In an effort to lessen the role social media could potentially play in large-scale violence like the riots that gripped England earlier this month, British lawmakers have been pondering the usefulness of banning websites such as Facebook and Twitter during times of crisis.
British Home Secretary Theresa May, law enforcement and government officials, and representatives from the social media industry discussed in a meeting Thursday banning people from using social networking tools during and after crises.
Present at the meeting were representatives from Twitter, Facebook, and Research in Motion, the maker of BlackBerry Messenger.
According to a spokeswoman with the home secretary's office, officials "looked at how law enforcement and the networks can build on the existing relationships and co-operation to prevent the networks being used for criminal behavior."
Reps from Twitter and Facebook said in separate statements that the meeting was actually about making social media sites even more secure and relevant during times of crises.
"We've heard from many that Twitter is an effective way to distribute crucial updates and dispel rumors in times of crisis or emergency," a spokesperson from the social network site said.
"We welcome the fact that this was a dialogue about working together to keep people safe rather than about imposing new restrictions on internet services," Facebook added in its own statement.

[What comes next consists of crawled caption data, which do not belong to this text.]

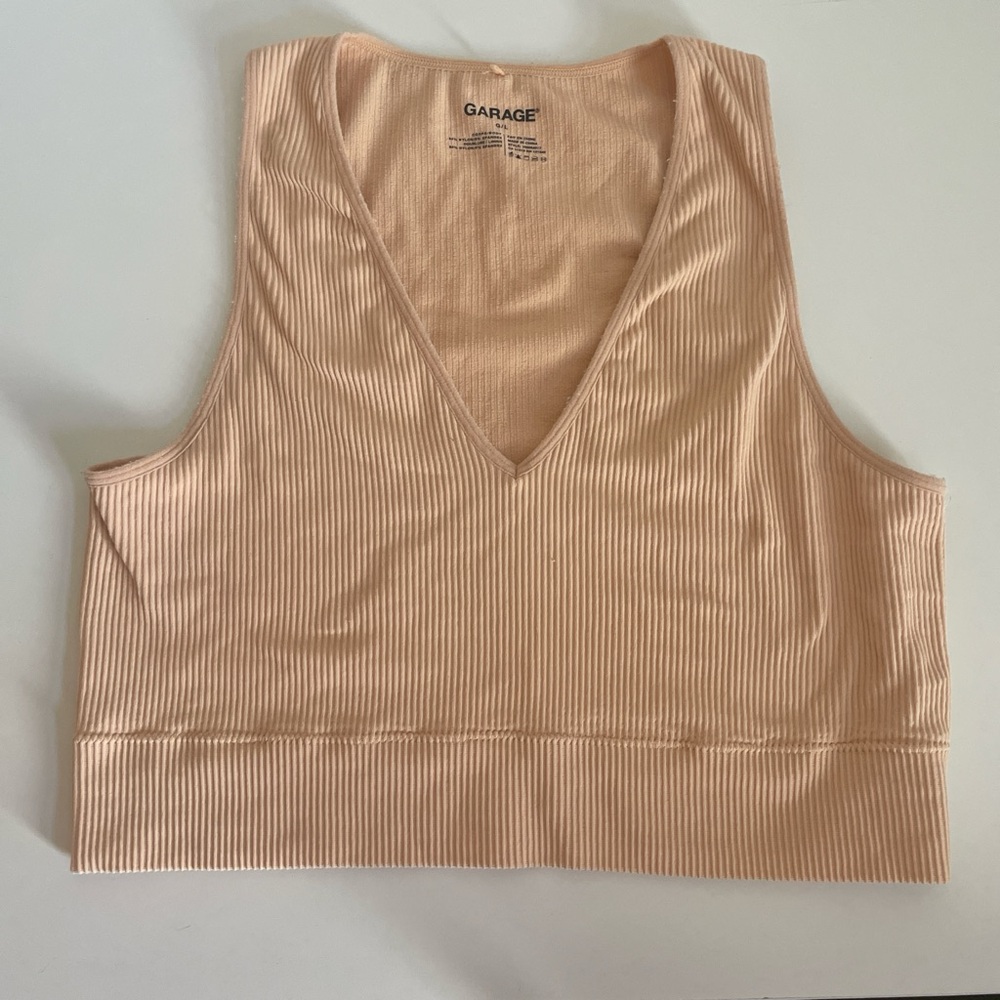 garage yellow tank top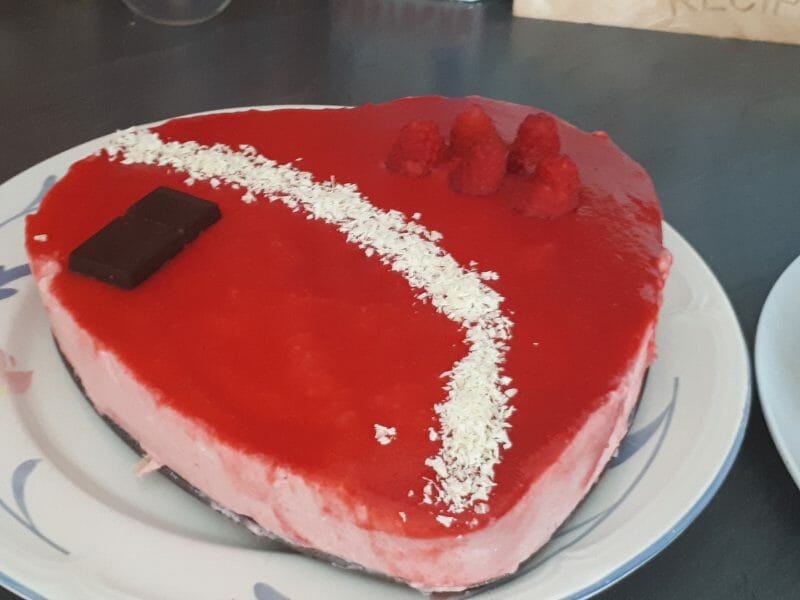 Cliquez pour zoomer ! Bavarois aux framboises Thermomix par maman4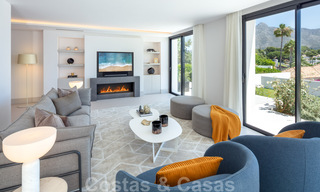 Stijlvol gerenoveerde villa te koop met prachtig uitzicht op de bergen in Nueva Andalucia - Marbella, op loopafstand van voorzieningen 30302 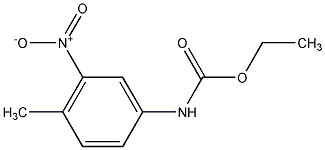 N-乙氧羰基-3-硝基对甲苯胺结构式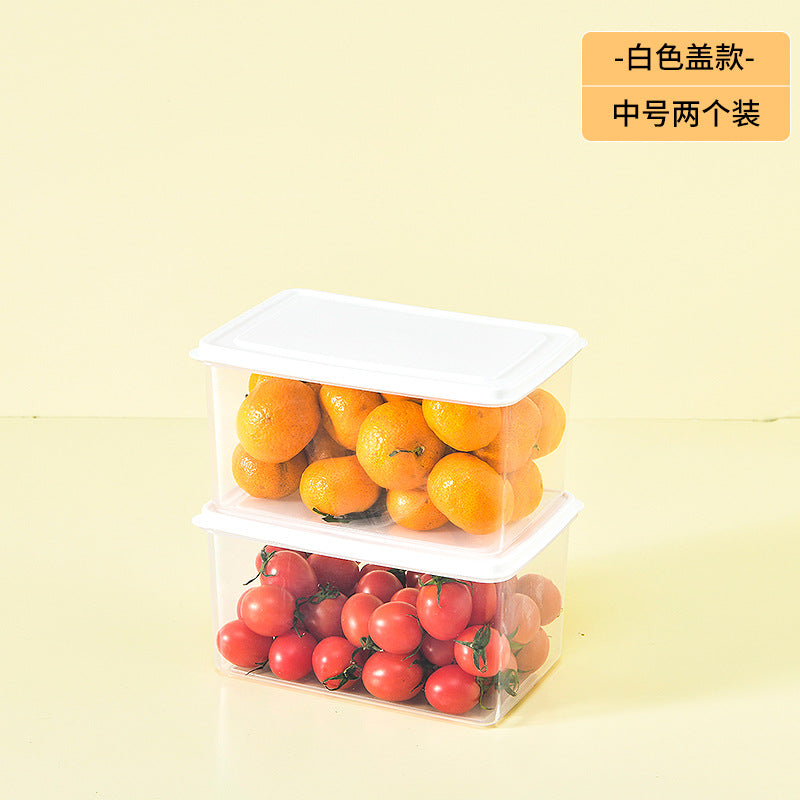 Refrigerator crisper artifact food grade storage frozen crisper kitchen plastic frozen food grade finishing storage box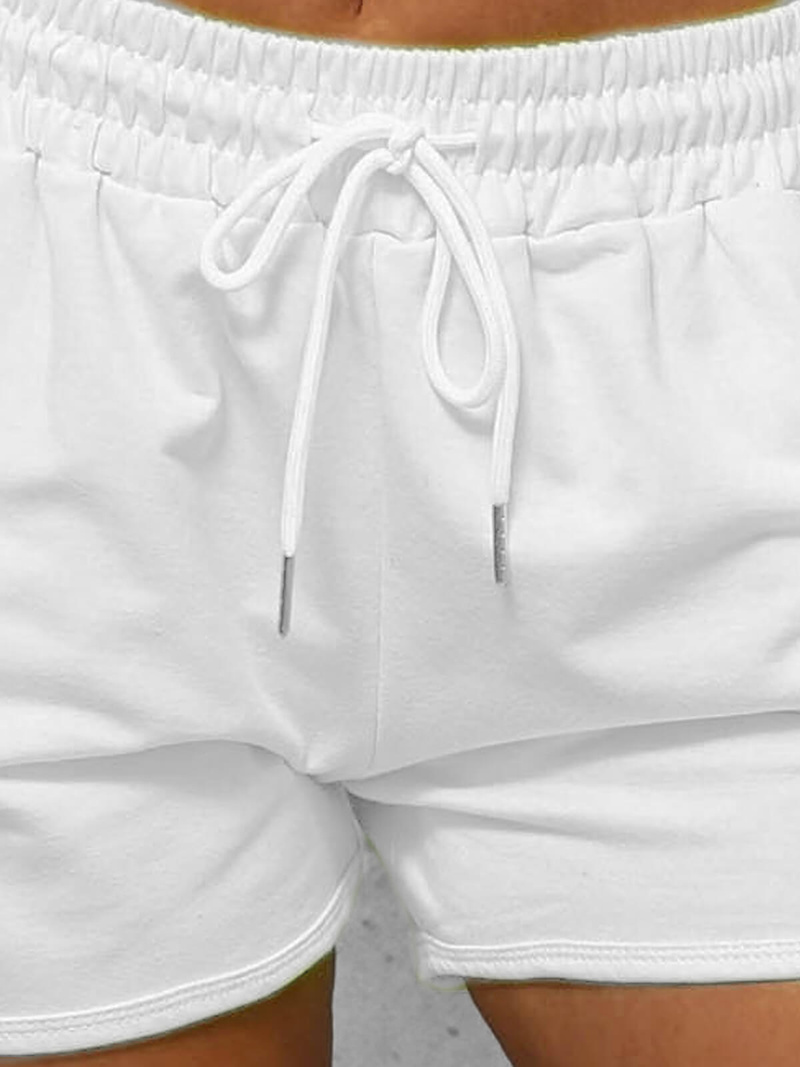 Pantalones cortos de chándal para mujer blancos OZONEE JS/8K1256/1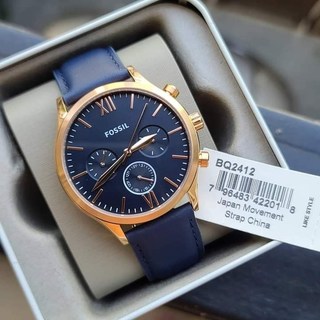 FOSSIL Fenmore Midsize 雅痞風格三眼計時 男錶 皮錶 【Watch On-line Store】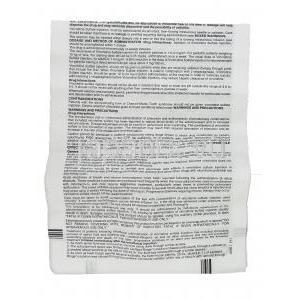 シトクリスチン Cytocristin, オンコビン ジェネリック, ビンクリスチン 1mg/ 1ml 注射 (Cipla) 情報シート2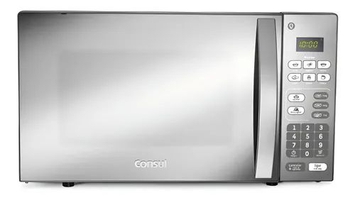 Micro-ondas Cm020bf 20 Litros Espelhado Com Função Descongelar Cor Cinza/inox Consul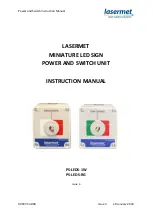 Preview for 1 page of Lasermet PS-LEDS-1W Instruction Manual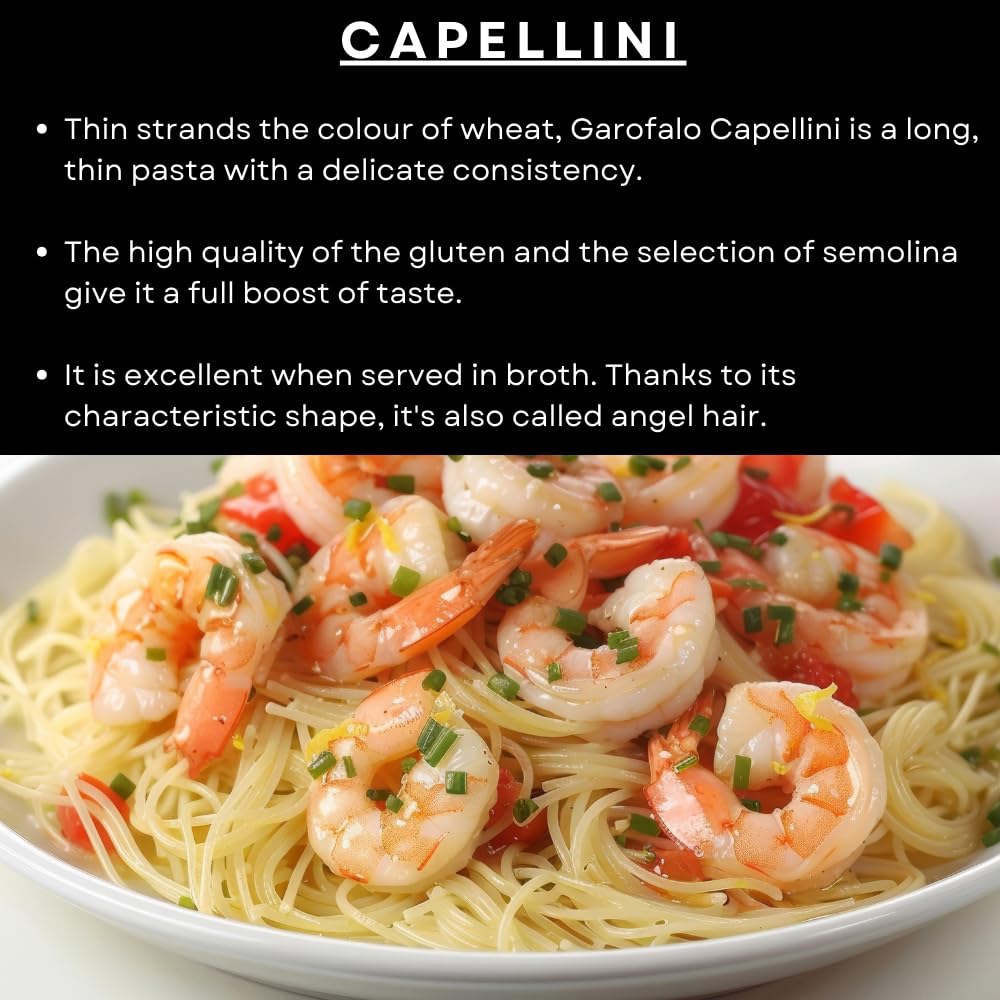 Garofalo Angel Hair Capellini Italian Dried Pasta, 500g 3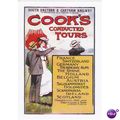 Railway Poster Art Postcard SECR COOK'S Conduct...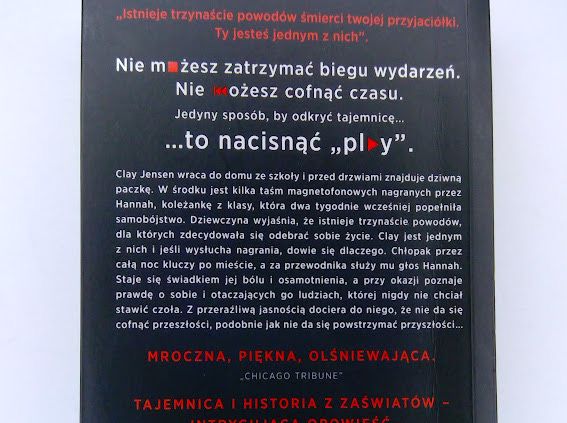 Książka „13 powodów”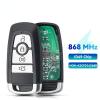 M3N-A2C93142600 4/5 Buttons Smart Remote Car Key 433/868/902mhz ID49 for Ford Edge Fusion Expedition Explorer Mustang(Black) view 2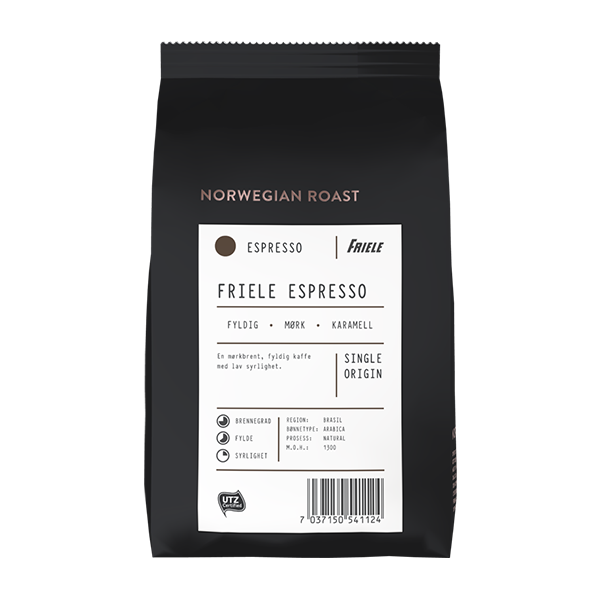 Norwegian Roast Espresso, Hel -  12x500g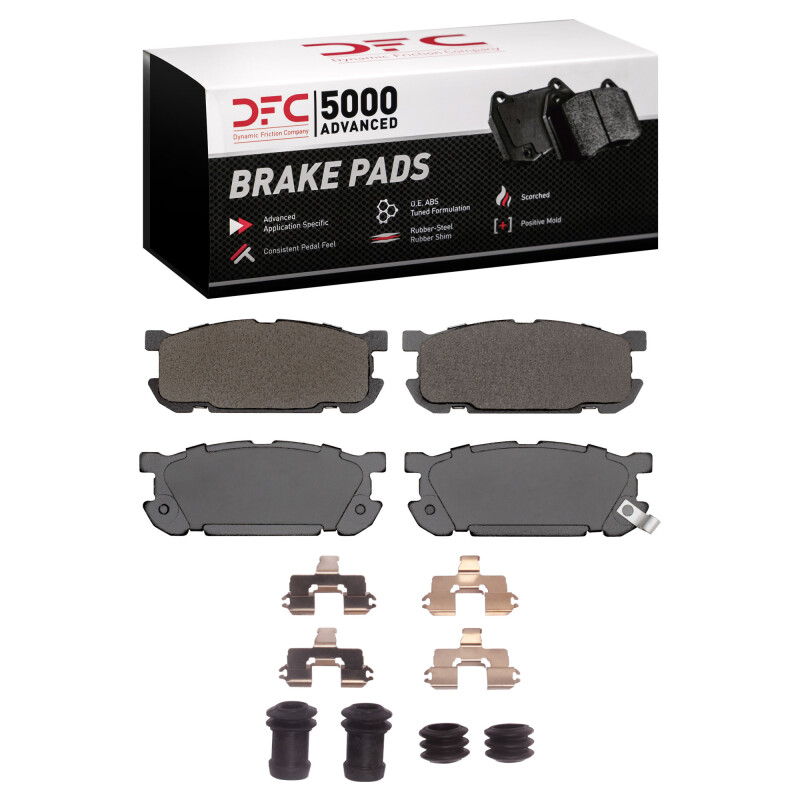 DFC 01-05 Mazda Miata Rear 5000 Advanced Ceramic Brake Pads and Hardware Kit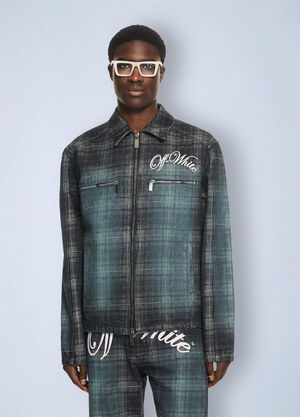Off-White Check Jacq Slim Relax Jeans Multicolor ofw0164150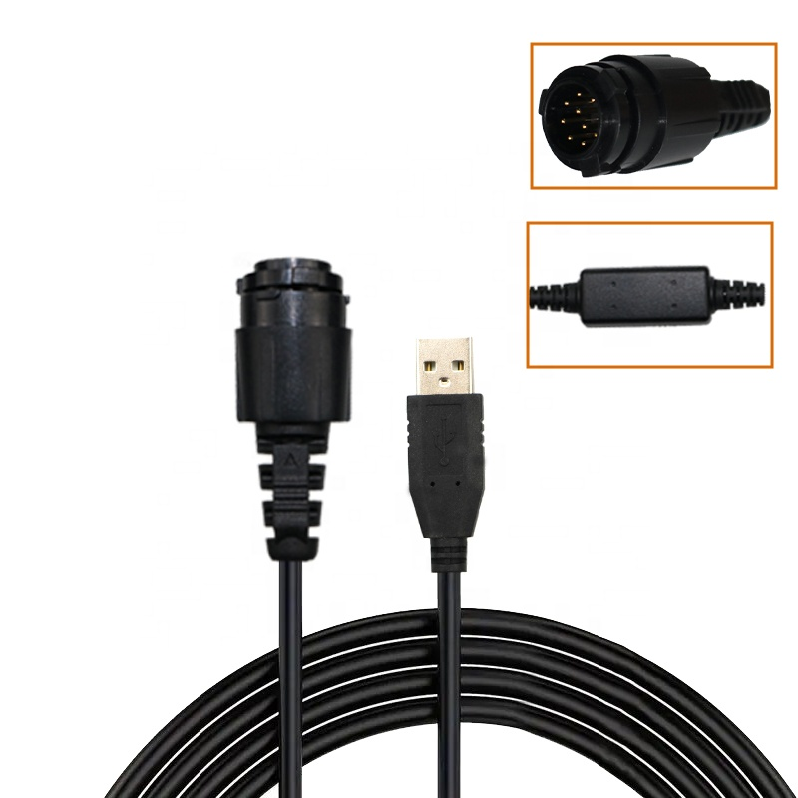 Hkn6184c Programming Cable For Motorola Radio Dm4400/e Dm3401 Dm3600 Dm4601/e Mtm5200 Dgm4100 Dgm6100 Xpr4300 Xpr4350 Xpr4380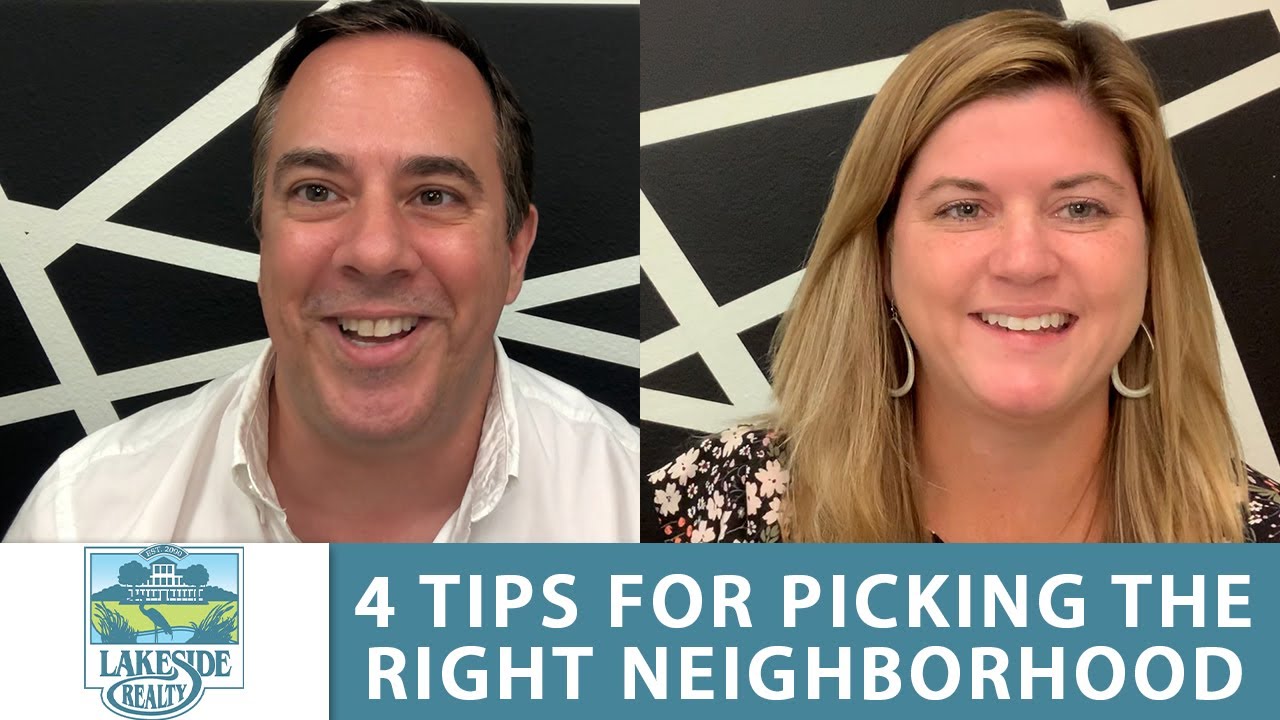 How Do You Know Whether a Neighborhood is Right for You?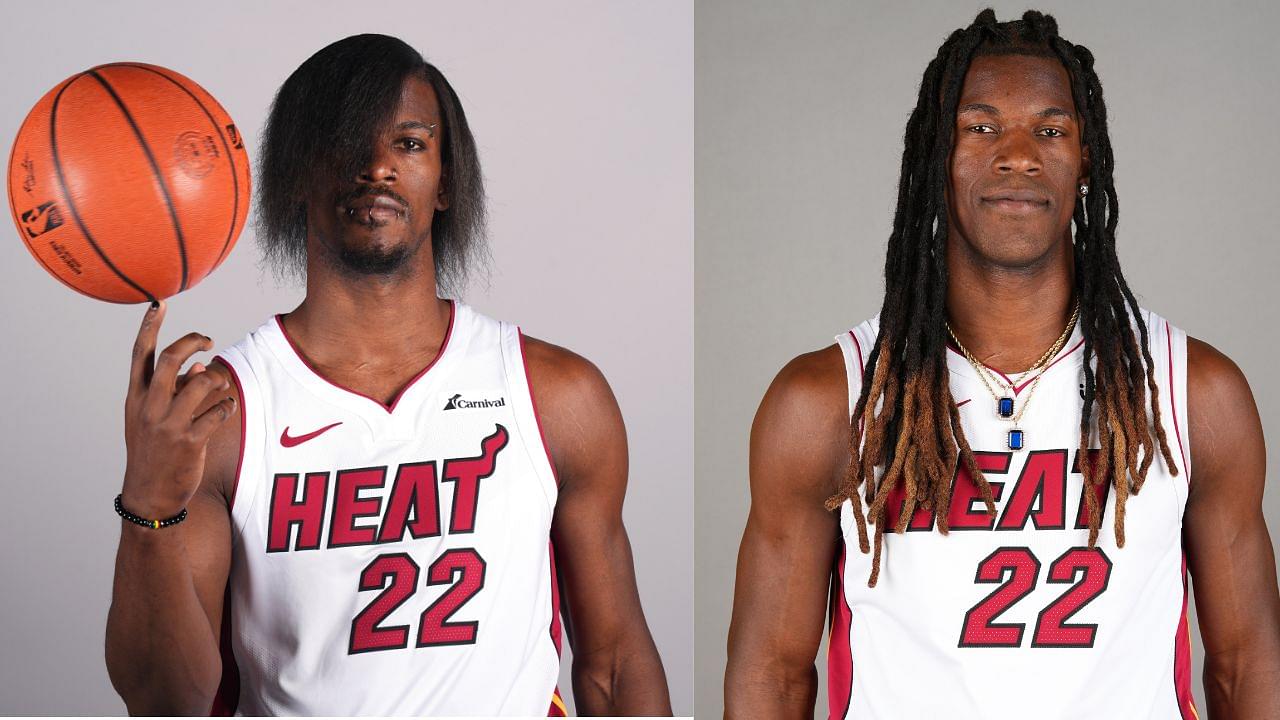 Jimmy Butler Media Day Hairstyle Timeline What Hairdo Will the Heat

The statement continued: "There is no place for illegal activity on Facebook and we take firm action against those who breach our rules."
During the mob violence that left at least five people dead and numerous properties damaged, British Prime Minister David Cameron had indicated that social networking tools, like Facebook, Twitter, and BlackBerry Messenger, had played a great part in organizing the violence.
"When people are using social media for violence we need to stop them," he said, questioning if "it would be right to stop people communicating via these websites and services when we know they are plotting violence, disorder and criminality."
Apparently, officials found their answer at Thursday's meeting, as it was revealed that the government did not attempt to secure authority to shut down social media sites.
After the riots, two men in Britain were sentenced to four years in jail for using Facebook to "organize and orchestrate" disorder, according to the Associated Press. However, the riots they called for with the use of Facebook pages never materialized.
The men, Jordan Blackshaw, 21, and Perry Sutcliffe-Keenan, 22, plan to appeal the case.